When Things Go Terribly Wrong
|Jun 6, 2016|
I’ve seen several terrible situations lately in the startup scene: founders splitting up unexpectedly, companies failing to structure operations, entrepreneurs getting sabotaged by their investors and many others. We’re not used, trained or ready for those situations in which we are either Guilty, Responsible, Actor, Spectator or Collateral Party. But we must cope with them.
I would not say that those events are easy to deal with or that they don’t affect me but they are part of our journey and we must just handle them, each one of us, the best we can. The problem is that by default, like in any other difficult or complicated situation of this sort, chaos rises up through asymmetrical views, irrational behaviors and a fragile balance of power. The paradox being that it is when things go wrong that everyone should be supposed to do her best to see clear and act accordingly.
Those who appeared to be strong show weaknesses, fearless pirates become fatalists, founders loose their leadership, investors loose their mind, employees loose their faith, communication is broken… You go from a real problem to a complex one, from a critical situation to a game of thrones.
People fail. And a lot of startups collapse.

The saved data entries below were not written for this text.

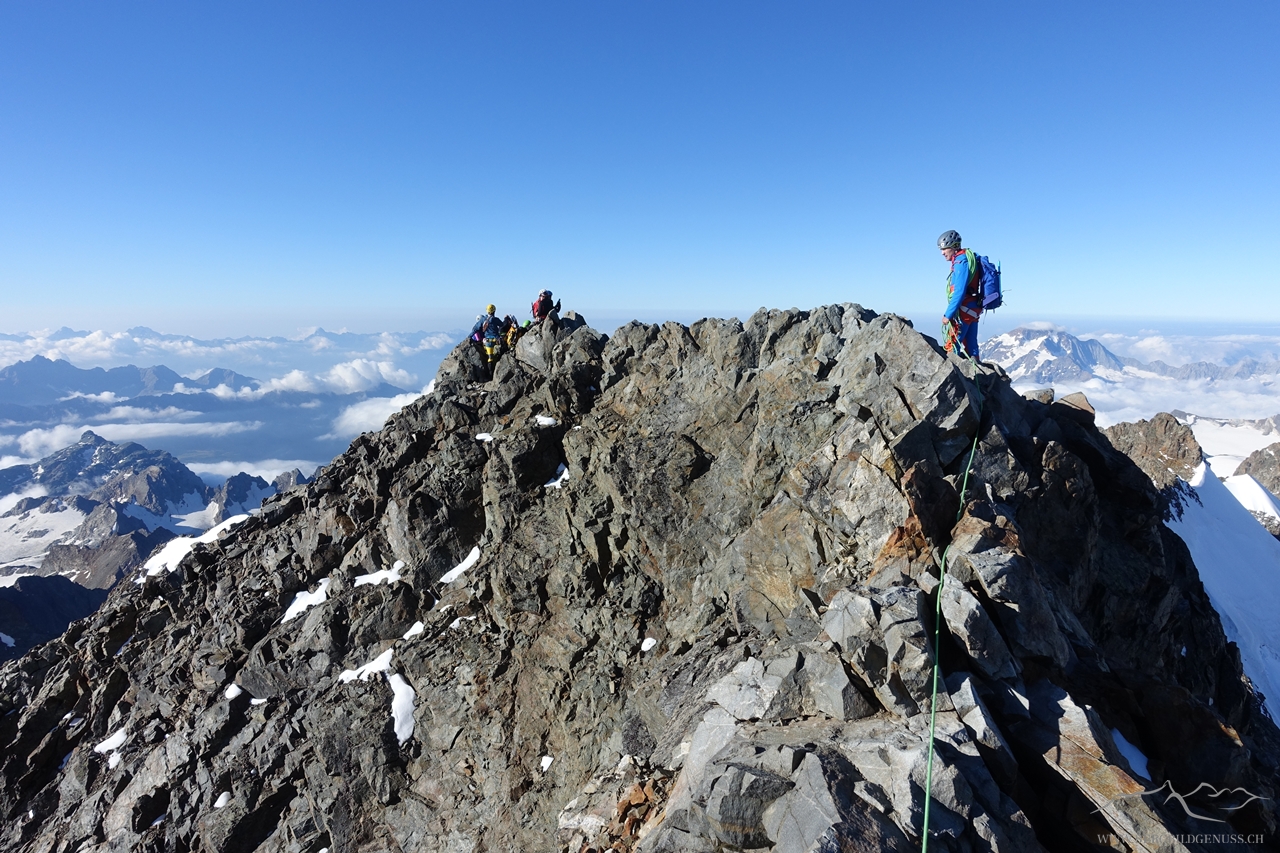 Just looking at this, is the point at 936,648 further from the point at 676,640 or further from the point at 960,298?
the point at 960,298

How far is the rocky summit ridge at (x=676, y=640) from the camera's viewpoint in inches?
429

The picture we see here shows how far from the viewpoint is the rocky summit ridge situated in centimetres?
1089

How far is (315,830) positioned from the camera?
26.3 m

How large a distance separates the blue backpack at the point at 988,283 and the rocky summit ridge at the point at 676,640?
2675 millimetres

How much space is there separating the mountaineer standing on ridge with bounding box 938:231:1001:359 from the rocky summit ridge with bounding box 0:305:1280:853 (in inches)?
83.7

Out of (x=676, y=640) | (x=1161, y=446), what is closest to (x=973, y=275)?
(x=676, y=640)

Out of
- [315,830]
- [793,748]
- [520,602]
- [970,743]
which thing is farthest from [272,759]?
[970,743]

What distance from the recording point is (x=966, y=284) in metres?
19.9

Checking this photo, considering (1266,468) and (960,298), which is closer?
(960,298)

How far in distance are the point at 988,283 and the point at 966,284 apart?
914 millimetres

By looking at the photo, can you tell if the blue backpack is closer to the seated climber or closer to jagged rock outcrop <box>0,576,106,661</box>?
the seated climber

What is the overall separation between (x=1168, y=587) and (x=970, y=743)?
1665 cm

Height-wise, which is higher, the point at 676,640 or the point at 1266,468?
the point at 676,640

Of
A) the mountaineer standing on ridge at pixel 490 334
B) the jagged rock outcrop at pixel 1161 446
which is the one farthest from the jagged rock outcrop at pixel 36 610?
the jagged rock outcrop at pixel 1161 446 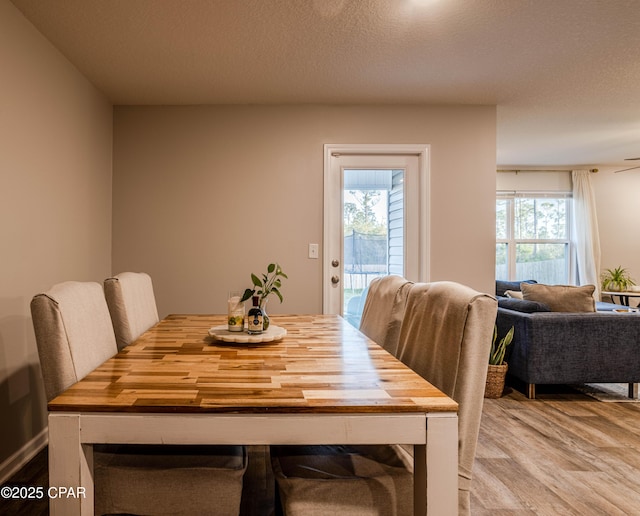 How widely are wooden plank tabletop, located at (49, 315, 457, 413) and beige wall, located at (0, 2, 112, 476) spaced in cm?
102

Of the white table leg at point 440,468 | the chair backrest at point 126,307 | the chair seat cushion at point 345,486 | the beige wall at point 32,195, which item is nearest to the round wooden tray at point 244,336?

But miscommunication and misbehaviour are always a bad idea, often leading to a bloodbath instead of a constructive (yet brutal/hurtful) approach, at worst to a fatal destiny that could have been avoided. Every situation is unique but just put your misplaced feelings aside and try to apply simple rules:
Prefer meetings over emails or calls;
Make sure information is fully shared, on time;
Bring out loudly all potential conflicts of interests;
Understand that your interest is not the best interest;
Whoever you are, be the leader, the listener and the teacher: you might have to lead the situation, but also to listen to everyone and understand them, as well as to lead them to behave accordingly… A tricky, bitchy but necessary mission sometimes;
Make sure everyone takes her full responsibility (not just a bit…).
At the end of the day, what matters is that as a CEO, Investor or Advisor, you must have done whatever is in your power to both fully understand and handle the situation, with good faith and not (only) from a biased, unique or partial point of view.
Put aside your ego, your misplaced feelings and so called principles. It’s not only about the money, it’s about the people. This is not a movie. The shit just got real.